What do we mean when we say that India lives in villages? If we mean our ancient heritage, rigid caste system, slow and uneventful life away from the madding crowd, yes. If it is superstition, ignorance, illiteracy, poverty, yes too; India lives in villages. If it is about scientific and technological innovations, industrial growth and comfortable living, no, India does not live in villages. Ask any doctor to go and set up their practice in a rural setting. Even if you offer him attractive incentives and generous compensation, he will say no. Tell a teacher to go and work in a village school. He will tell you a hundred excuses, all seemingly real and reasonable, even a student on vacation feels like a square peg in a round hole. He longs to get out at the least real and reasonable opportunity.

Even a student on vacation feels like a square peg in a round hole. He longs to get out at the slightest opportunity that occurs to him. But we discussed loudly and at length about the serene atmosphere, scenic beauty, and quiet life uncontaminated by modern, materialistic civilization that the countryside presents.

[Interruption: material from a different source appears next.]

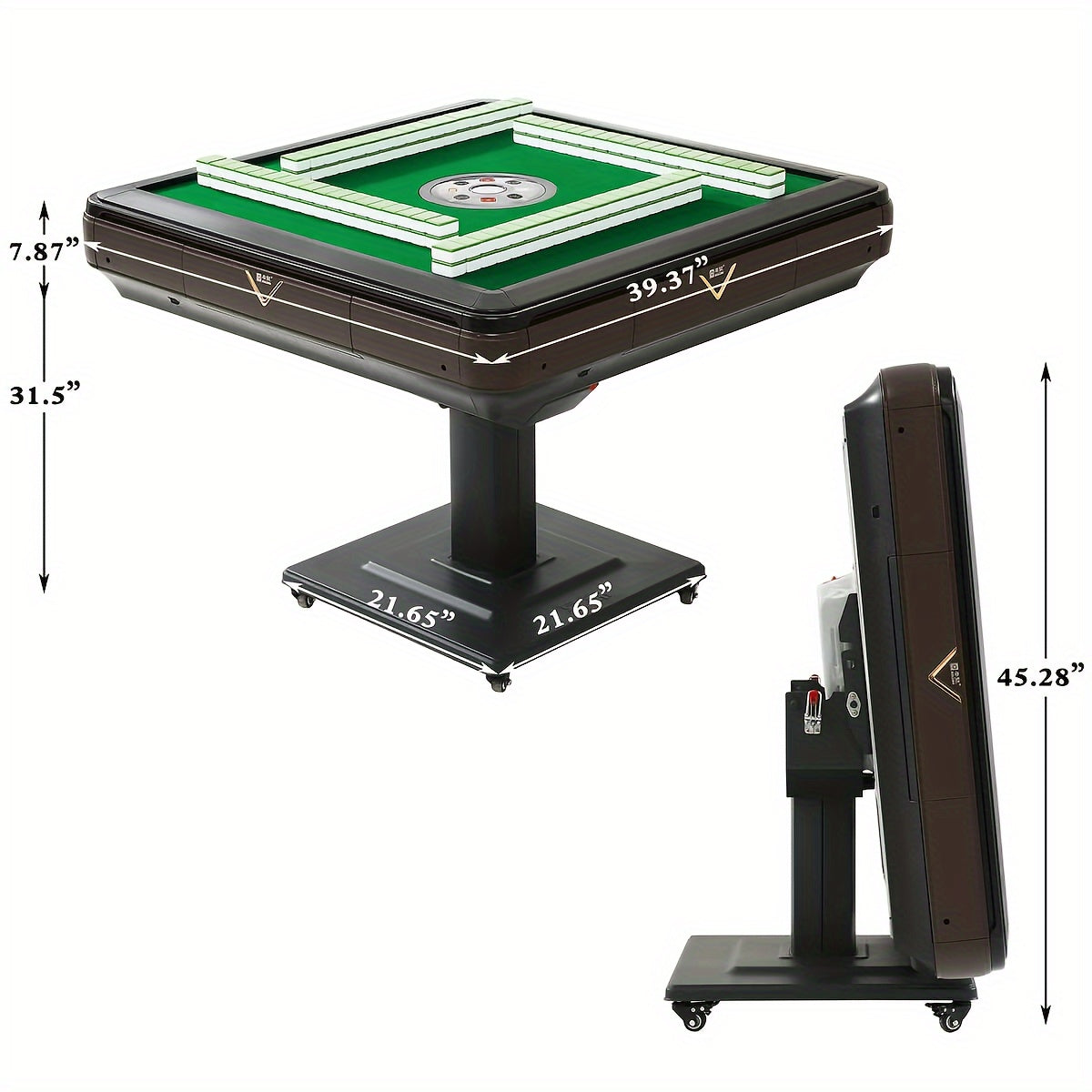 Pro-Grade Folding Automatic Mahjong Table With Tiles (Coffee)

We are all praise for the hospitable nature, love and kindness, simplicity and sincerity of the villager. We cherish your God-fearing nature, your qualities that have sustained you through the centuries and preserved our glorious cultural heritage. We know that he lives without a grumble on the brink of semi-famine but that he works tirelessly to satisfy the hunger of others. If all this is not mere talk, why have we not done something to improve his lot and wipe away his tears?

Wherever he is, in a city or a village, the essential needs of man are the same. Hunger and thirst, fear and hope, pain and pleasure are universal, even animals share these feelings.

The first necessity after the meal is, wherever you are, a roof over your head, a roof that can protect you from the sun and the rain. We do not know how the landless poor, the jobless artisans, the potters, the shoemakers and the weavers, live in their thatched mud houses which will collapse year after year when the rains or floods come. His counterpart in the city does not live in better conditions, but at least during the days of incessant rains, he has somewhere safe to hide, a school or a university building. If you’re lucky, you might get an allowance from the slum clearance board. But there is no housing board or slum development plan to help the poor villager erect a solid roof over his head.

With Acharya Vinoba Bhave’s Bhoodan Movement came the Sramadan and Sakitan movements. But just like the mother, the children are also convalescing. No metal or tarred roads, no public lighting, no protected water supply, no drainage facilities. There is a Panchayat office, president, vice president and members too, in every village; but there is no one who thinks about the needs of the village community.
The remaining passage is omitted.